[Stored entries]
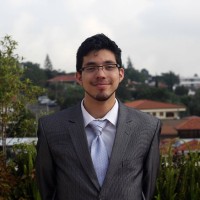 David Proano Alcívar Email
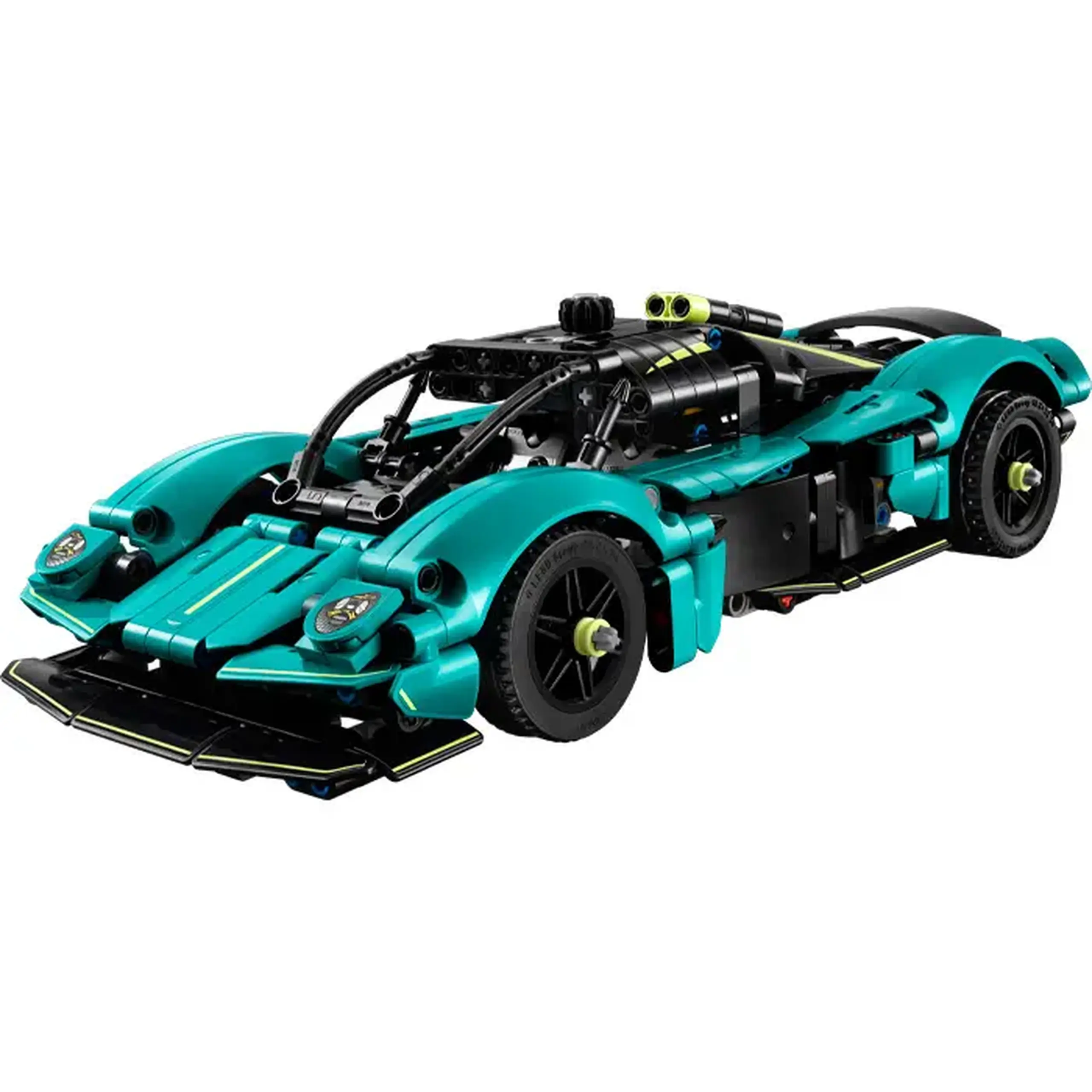 Lego Technic Aston Martin Valkyrie 42208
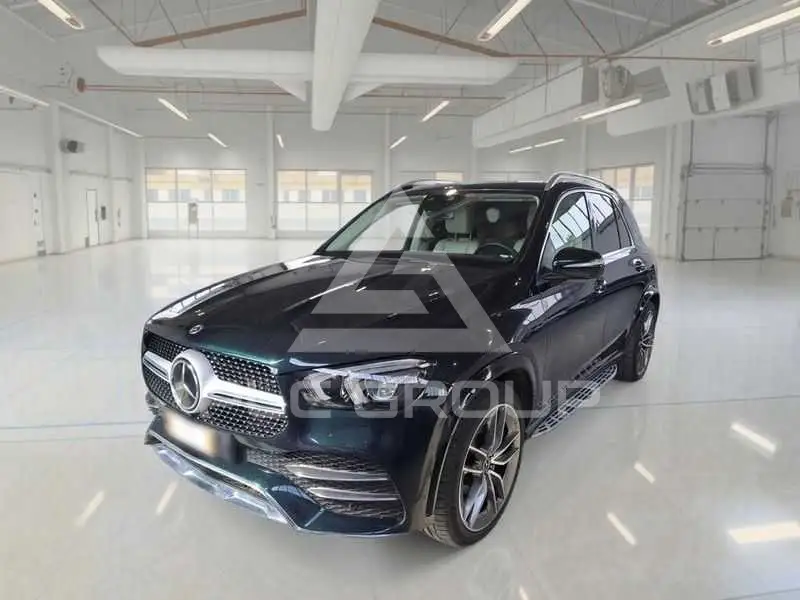 2022 Mercedes Benz Other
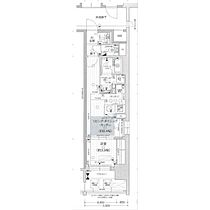 愛知県名古屋市千種区内山１丁目（賃貸マンション1LDK・2階・35.14㎡） その2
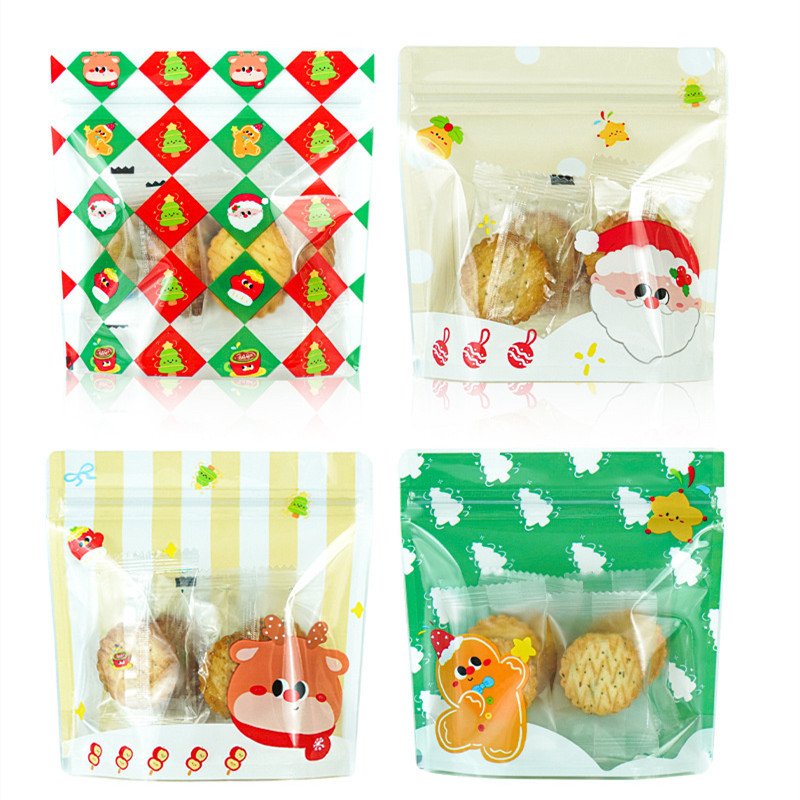 Sacs cadeaux de Noël de qualit - Baby Food Reusable Pouches avis et prix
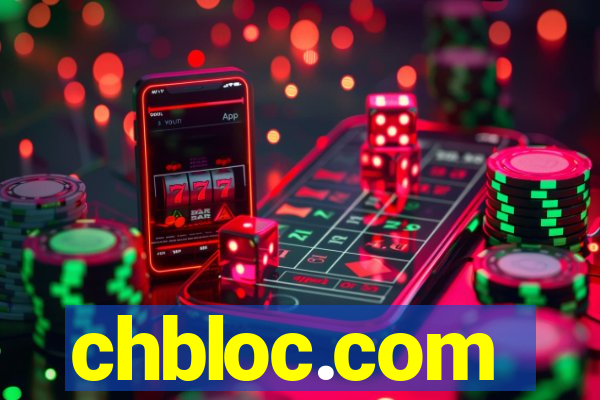 chbloc.com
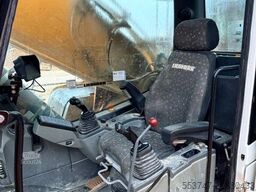 Liebherr R 950 Sme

[PROBLEM DETAILS] An exact copy of the data above is required, printed without its pictures.

[SOLUTION BELOW]
 David Proano Alcívar Email
 Lego Technic Aston Martin Valkyrie 42208
 2022 Mercedes Benz Other
 愛知県名古屋市千種区内山１丁目（賃貸マンション1LDK・2階・35.14㎡） その2
 Sacs cadeaux de Noël de qualit - Baby Food Reusable Pouches avis et prix
 chbloc.com
 Liebherr R 950 Sme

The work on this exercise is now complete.